Il « écrit des poèmes au vent ». Il condamne les usines et les ventes d’armes, les guerres et l’armée. Comme d’autres personnages de Savitzkaya, il refuse l’école, le travail, puis le service militaire : elle « devient antimilitariste », il déserte. C’est alors que la maladie est nommée (diagnostiquée) par un psychiatre. Il est classé « AAH[2] ». Le frère est soigné avec des pilules qui vont l’entourer d’une carapace de graisse protectrice : il devient « cachalot dans l’amer, dans l’amère mer, dans les fluides limbes ». La langue de Savitzkaya, poésie du trouble, multiplie un radical qui se transforme et se duplique dans les sons assénés (« -mer- ») ; les vers courts du début s’allongent et débordent alors, comme dans cette folie du moi brisé du frère. La phrase affiche sa démesure, elle s’hypertrophie. À coup de « prozac ou cazorp c’est du kif, c’est kif-kif, c’est psykif », le frère évolue dans un monde où il peut à la fois « culbut[er] les porte-avions de l’armée de l’air » et s’« énamour[er] des belles cétacées ».

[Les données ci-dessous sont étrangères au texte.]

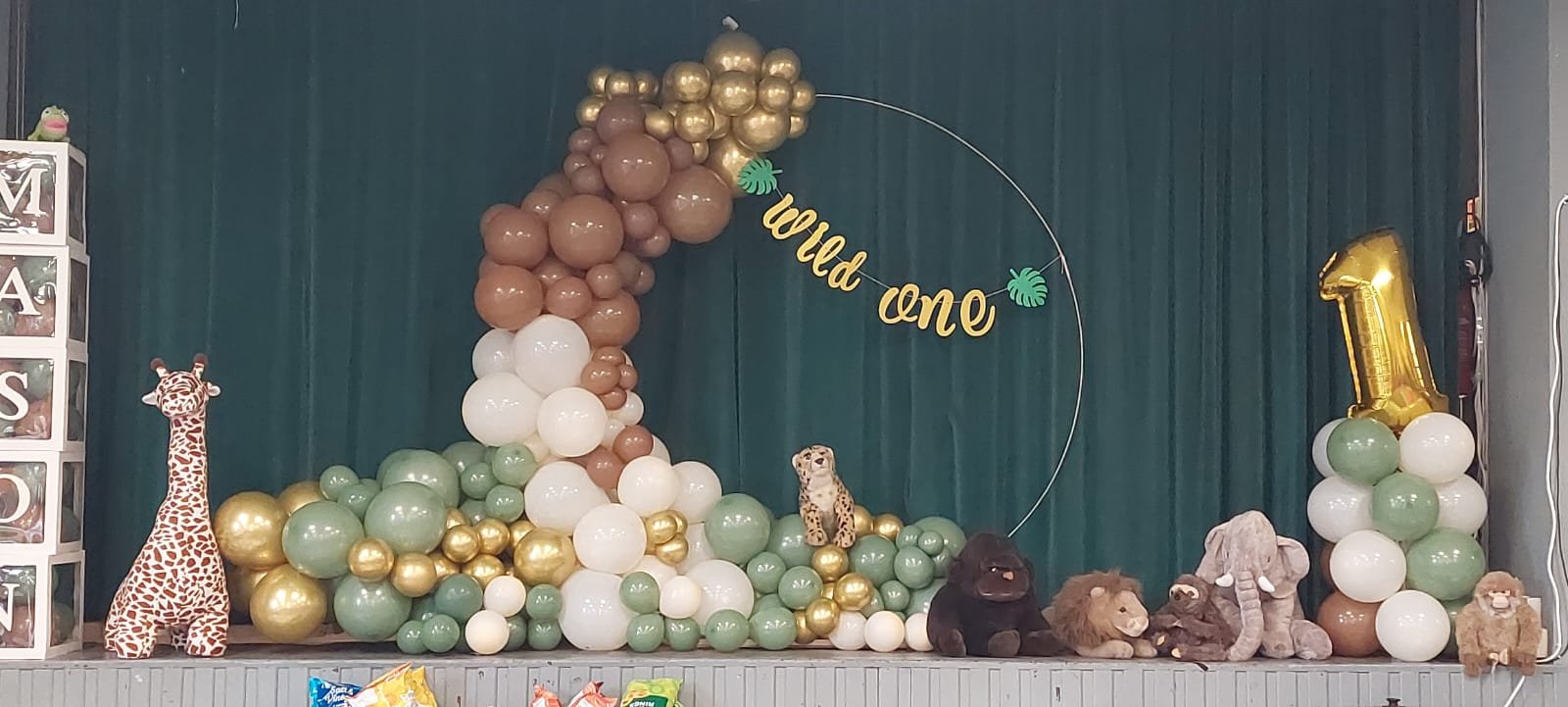 Decorations for a first birthday celebration with balloons, plush animal toys including a giraffe, cheetah, elephant, lion, and monkey, and a sign that reads 'wild one' in gold lettering.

La sœur, qui s’est enfuie, se réfugie au théâtre :

Elle s’éloigne du frère, elle pleure, elle est perdue
Elle ne sait plus qui elle est, elle sera tous les personnages de son choix 

Et le théâtre la reconduit vers son frère.

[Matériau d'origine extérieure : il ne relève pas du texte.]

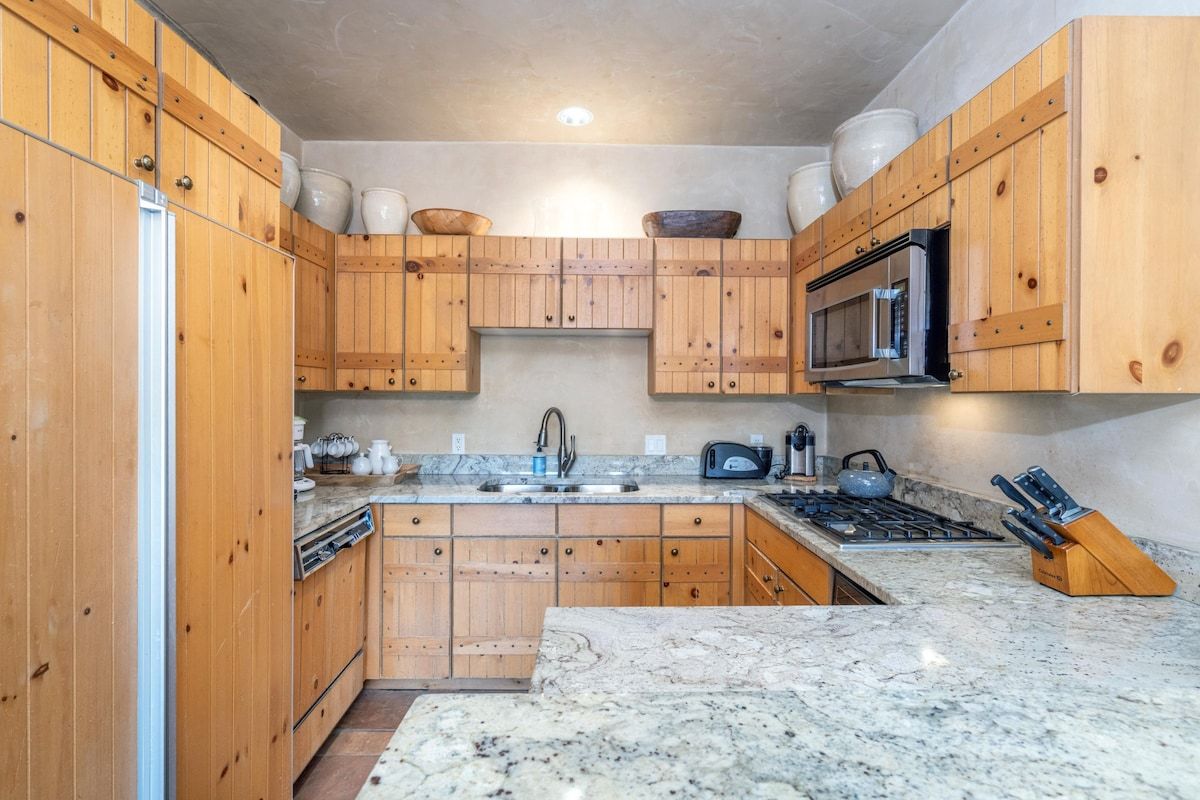 Een keuken met houten kastjes, een magnetron, een gasfornuis en een spoelbak.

Si celui-ci, parce qu’il « a peur de s’effriter / de s’émietter comme du mica-schiste », cesse d’écrire, vaincu par la guerre universelle, l’auteur lui rend la parole à travers celle de sa sœur. La dernière partie, rythmée par les anaphoriques « il dit » ou « il m’a dit que », rapporte les visions du frère portées par la voix de la sœur, qui a compris depuis longtemps qu’entre elle et lui « l’amour [n’]est [pas] conditionnel ».

[1]. Eugène Savitzkaya, La Folie originelle (Minuit, 1991), Fou civil (Flohic, 1999), Fou trop poli (Minuit, 2005).
[2]. Il se voit verser l’allocation aux adultes handicapés (AAH).